The Object of Our Affection
BY
September 21 2007 12:00 AM ET
"I come from a
very middle-class background,” Hillary Clinton is
telling me. “I consider myself to be pretty much a
typical American, and I think a lot of people my age
and older are really having to think hard. Younger
people are much further along. You just have to keep pushing
that door open.”
She’s
talking about the gay rights movement, about the
soul-searching it’s causing many Americans --
including herself -- but it’s typical political
boilerplate: all form, no content. She’s not really
saying anything, just bunting back a question about
marriage equality with the least amount of provocation
possible. That’s what politicians do, and by
all accounts she’s become a great politician.
Yet I find myself
believing everything she says, my natural skepticism
put on hold. I’m enamored with her. She just has that
effect.
Indeed, mere
moments before, she was wowing the crowd at the
Logo–Human Rights Campaign Democratic
presidential forum on LGBT issues in Los Angeles, in
spite of her evasions on same-sex marriage. Maybe it was the
way she looked, resplendent in a coral jacket and chic black
pants. Weeks earlier at the CNN–YouTube debate,
John Edwards, clueless as usual, panned a similar, if
not identical, outfit—though Barack Obama, befitting
his stylish reputation, complimented it—and when
moderator Margaret Carlson, the longtime Washington
journalist, introduced Clinton to the L.A. studio
audience, she good-naturedly exploited the incident for a
joke. “I don’t know if Senator Edwards is
still here, but from the last debate, let me go on the
record,” she said with a smile. “I like the
coral jacket.” On cue, the senator -- and her
audience -- laughed. Clinton chose the last slot on
purpose, and this was why: She was killing without
even talking about the issues yet.
Just why are we
so in love with Hillary?
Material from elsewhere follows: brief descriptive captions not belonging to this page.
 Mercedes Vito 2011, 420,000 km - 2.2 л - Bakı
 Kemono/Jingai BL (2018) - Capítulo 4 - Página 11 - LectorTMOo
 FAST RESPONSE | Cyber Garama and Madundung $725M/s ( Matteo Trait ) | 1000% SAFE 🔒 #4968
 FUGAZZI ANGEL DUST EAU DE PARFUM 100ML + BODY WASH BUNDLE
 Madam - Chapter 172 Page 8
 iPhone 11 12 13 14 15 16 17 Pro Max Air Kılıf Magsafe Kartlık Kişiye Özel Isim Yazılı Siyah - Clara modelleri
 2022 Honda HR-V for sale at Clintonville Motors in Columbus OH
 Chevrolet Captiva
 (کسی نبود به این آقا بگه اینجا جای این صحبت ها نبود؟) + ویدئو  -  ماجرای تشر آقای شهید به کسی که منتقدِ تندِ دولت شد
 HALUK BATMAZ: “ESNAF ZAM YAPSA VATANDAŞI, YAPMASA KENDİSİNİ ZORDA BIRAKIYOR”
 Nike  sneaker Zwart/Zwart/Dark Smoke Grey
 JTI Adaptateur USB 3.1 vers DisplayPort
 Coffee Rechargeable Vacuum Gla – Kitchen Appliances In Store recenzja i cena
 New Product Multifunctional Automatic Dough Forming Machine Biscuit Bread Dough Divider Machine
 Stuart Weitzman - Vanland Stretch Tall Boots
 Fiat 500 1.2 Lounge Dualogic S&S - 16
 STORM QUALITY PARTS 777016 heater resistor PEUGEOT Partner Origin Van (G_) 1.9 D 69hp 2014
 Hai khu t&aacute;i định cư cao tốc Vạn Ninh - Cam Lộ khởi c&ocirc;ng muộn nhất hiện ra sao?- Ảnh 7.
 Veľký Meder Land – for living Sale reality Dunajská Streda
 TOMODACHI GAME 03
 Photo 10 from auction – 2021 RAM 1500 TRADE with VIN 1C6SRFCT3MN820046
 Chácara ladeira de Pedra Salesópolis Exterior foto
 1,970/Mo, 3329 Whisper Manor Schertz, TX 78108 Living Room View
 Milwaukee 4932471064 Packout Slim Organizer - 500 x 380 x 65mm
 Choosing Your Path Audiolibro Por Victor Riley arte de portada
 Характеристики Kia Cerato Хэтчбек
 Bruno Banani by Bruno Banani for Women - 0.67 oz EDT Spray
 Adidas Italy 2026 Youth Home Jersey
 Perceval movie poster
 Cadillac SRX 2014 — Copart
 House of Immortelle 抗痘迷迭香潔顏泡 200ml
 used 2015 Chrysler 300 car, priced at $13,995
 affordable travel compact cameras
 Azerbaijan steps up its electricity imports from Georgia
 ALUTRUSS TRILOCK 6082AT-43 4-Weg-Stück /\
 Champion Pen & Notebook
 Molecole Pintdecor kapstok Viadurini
Her husband signed the vile
“don’t ask, don’t tell” law and
the nefarious Defense of Marriage Act, she refuses to
endorse same-sex marriage even though everyone suspects
she privately supports it, and on other issues important to
us she can sound a little soulless.
Nevertheless,
it’s Clinton whom gay voters are carrying the torch
for this campaign season. While Edwards has been
accused by a former political strategist of saying
he’s uncomfortable around gay people—and
often looks that way discussing LGBT issues, in stark
contrast to his magnificent wife—and Dennis
Kucinich, Mike Gravel, and Bill Richardson just seem
out of touch (and forget Chris Dodd and Joe Biden, who
didn’t show up at the HRC-Logo forum),
she’s the one who captured our hearts long ago,
and neither of us will let go. Only Obama has cast a similar
spell, but as much as he’s called a “rock
star” (so cliché!), it’s Hillary
who’s the true megawatt one-named wonder of fame --
and Obama’s record on gay issues pales in
comparison to hers.
Sure, to some
gays, as to so many Americans, Clinton is just a
politically calculating, frigid, liberal monster, a
nightmare who won’t go away -- her
unfavorability rating, cited with relish by foes,
currently stands at 48%, according to a USA
Today–Gallup poll. But by the end of her
turn in the hot seat that August night in Los Angeles,
it surely wasn’t a stretch when moderator Carlson
suggested that Hillary is our girl. “I am your
girl! Absolutely!” Clinton replied, as a wave of
adulation once more ripped through the crowd.
Before I know it
she appears in front of me. Fresh from the stage, she
walks into the nondescript green room with a big smile and
shakes my hand warmly, saying my name. I’ve
caught her in a rare down moment -- next door a gaggle
of friends and staffers waits, and after this interview she
will head directly to the West Hollywood watering hole the
Abbey, where a viewing party for the forum, doubling
as a Clinton fund-raiser, is to conclude with an
appearance by the candidate herself.
A campaign
staffer told me she was up all night, having arrived in Los
Angeles on an 8 a.m. flight, and she looks it, the lines on
her face pronounced like a road map of the enormous
life she’s lived. But even though I can tell
she’d rather put her feet up and kick back, she is a
study in composure, her campaign face on, the gears clicking
in her head. She talks buoyantly, often looking into
the middle distance, and appears to be in a reflective
mood. Yet I know she’s just trying to say the right
thing. No mistakes, certainly not with a journalist from the
gay press. Stay on message.
Up close and
personal, I experience Clinton with a kind of double vision.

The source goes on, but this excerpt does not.